Background: Paclitaxel (Taxol) and ifosfamide are among the most active single agents for the treatment of non-small-cell lung cancer. We undertook this phase I dose escalation study to determine the maximum tolerated doses of these drugs which could be administered without growth factors to untreated patients with tumours of this type.
Patients and methods: Forty patients with advanced non-small-cell lung cancer were treated with a 3-hour infusion of paclitaxel and a 1-hour infusion of ifosfamide every 3 weeks. Groups of 3 patients were entered at escalating dose levels in traditional phase I design. Starting doses were paclitaxel, 100 mg/m2, and ifosfamide 3 g/m2, and all patients received premedication with dexamethasone, diphenhydramine and a 5-HT3 blocker. Dose escalation occurred only after full toxicity assessment for 2 cycles for all patients in the dose level.
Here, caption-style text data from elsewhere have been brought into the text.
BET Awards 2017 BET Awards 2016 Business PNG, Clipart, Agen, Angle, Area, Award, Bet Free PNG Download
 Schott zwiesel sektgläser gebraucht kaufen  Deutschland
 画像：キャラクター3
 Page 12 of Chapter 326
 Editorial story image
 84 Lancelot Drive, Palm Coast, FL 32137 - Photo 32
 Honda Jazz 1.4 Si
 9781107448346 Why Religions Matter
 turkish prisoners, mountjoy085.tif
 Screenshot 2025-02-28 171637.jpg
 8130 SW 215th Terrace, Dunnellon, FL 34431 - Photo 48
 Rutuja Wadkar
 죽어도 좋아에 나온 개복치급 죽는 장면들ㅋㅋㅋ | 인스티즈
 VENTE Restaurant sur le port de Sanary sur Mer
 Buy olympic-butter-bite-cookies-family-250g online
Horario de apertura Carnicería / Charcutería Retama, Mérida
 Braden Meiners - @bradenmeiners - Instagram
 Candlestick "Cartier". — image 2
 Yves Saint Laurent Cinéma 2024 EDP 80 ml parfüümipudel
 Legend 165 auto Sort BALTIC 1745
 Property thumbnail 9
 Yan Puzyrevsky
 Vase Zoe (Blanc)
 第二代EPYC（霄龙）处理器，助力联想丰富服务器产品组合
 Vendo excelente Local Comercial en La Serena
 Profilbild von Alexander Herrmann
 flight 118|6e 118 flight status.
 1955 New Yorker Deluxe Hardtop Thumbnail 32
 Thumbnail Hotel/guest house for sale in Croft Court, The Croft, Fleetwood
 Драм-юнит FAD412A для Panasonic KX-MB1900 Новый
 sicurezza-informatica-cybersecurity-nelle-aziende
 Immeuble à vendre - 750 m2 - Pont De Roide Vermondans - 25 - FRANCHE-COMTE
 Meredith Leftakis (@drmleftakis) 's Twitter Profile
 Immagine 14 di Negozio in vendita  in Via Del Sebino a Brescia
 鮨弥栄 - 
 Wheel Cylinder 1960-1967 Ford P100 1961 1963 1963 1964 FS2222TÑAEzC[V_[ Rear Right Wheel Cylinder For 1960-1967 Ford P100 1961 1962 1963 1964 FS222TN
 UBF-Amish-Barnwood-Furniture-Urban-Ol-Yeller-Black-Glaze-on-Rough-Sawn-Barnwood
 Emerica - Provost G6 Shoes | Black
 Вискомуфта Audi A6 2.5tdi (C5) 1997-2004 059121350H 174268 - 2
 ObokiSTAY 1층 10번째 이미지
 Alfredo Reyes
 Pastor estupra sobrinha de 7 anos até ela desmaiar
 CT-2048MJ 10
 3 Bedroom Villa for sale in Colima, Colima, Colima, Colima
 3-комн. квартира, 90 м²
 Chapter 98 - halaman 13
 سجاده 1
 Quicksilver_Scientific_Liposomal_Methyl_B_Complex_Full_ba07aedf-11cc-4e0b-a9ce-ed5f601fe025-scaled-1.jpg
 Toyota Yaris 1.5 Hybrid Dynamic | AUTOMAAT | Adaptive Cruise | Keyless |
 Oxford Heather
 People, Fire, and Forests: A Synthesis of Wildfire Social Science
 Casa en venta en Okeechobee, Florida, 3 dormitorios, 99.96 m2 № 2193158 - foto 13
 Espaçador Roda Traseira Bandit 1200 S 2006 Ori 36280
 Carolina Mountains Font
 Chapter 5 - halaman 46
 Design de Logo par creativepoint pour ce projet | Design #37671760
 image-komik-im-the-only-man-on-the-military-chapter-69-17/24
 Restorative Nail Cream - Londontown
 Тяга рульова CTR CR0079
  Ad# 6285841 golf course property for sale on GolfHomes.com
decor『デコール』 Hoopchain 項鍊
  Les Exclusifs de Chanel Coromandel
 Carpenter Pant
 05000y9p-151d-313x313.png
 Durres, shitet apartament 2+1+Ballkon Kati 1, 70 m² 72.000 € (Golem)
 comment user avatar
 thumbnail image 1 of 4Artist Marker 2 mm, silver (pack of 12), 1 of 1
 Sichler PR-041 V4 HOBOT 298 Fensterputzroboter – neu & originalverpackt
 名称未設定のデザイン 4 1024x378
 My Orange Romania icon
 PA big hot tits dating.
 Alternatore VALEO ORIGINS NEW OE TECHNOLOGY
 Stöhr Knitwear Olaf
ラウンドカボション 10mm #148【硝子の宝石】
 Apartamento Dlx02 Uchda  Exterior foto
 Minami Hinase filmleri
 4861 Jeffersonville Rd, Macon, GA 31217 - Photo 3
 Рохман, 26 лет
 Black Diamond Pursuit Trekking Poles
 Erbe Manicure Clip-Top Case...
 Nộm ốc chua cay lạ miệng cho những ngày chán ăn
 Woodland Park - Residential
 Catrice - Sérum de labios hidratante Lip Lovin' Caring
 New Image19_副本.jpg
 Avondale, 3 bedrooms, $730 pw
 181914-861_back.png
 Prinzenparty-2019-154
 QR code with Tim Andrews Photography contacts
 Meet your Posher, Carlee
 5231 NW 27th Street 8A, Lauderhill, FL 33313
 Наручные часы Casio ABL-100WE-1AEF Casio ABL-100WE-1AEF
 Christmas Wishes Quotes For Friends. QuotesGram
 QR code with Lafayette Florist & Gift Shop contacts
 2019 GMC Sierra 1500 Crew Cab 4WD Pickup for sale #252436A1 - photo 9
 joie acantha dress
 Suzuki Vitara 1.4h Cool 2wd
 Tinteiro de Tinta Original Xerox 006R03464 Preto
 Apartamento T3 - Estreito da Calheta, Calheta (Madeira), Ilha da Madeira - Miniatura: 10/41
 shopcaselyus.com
Results: Dose escalation of paclitaxel continued to 225 mg/m2 without dose-limiting toxicity, but further escalation was not attempted because of the known likelihood of neuro-toxicity above this level. Instead, ifosfamide was increased to 4 g/m2 for the final level. At these doses, dose-limiting myelosuppression was not seen, and there was only 1 episode of febrile neutropenia in 164 treatment cycles. Drug-related toxicities of ifosfamide included gross hematuria and confusion in 1 patient each, and paclitaxel-related symptoms included flu-like syndrome in most patients, mild to moderate arthralgia and/or myalgia in 8 and 25 patients, respectively, parasthesiae in 15 patients and mild to moderate hypersensitivity reactions in 15 patients each. Partial response was seen in 20.5% of patients (CI 9.3%-36.5%).
Summary: Out-patient paclitaxel given over 3 hours and single-dose ifosfamide over 1 hour may be combined safely without the need for hematopoietic growth factors for the treatment of patients with non-small-cell lung cancer. The recommended doses for phase II study are paclitaxel, 225 mg/m2 and ifosfamide, 4 g/m2 every 3 weeks.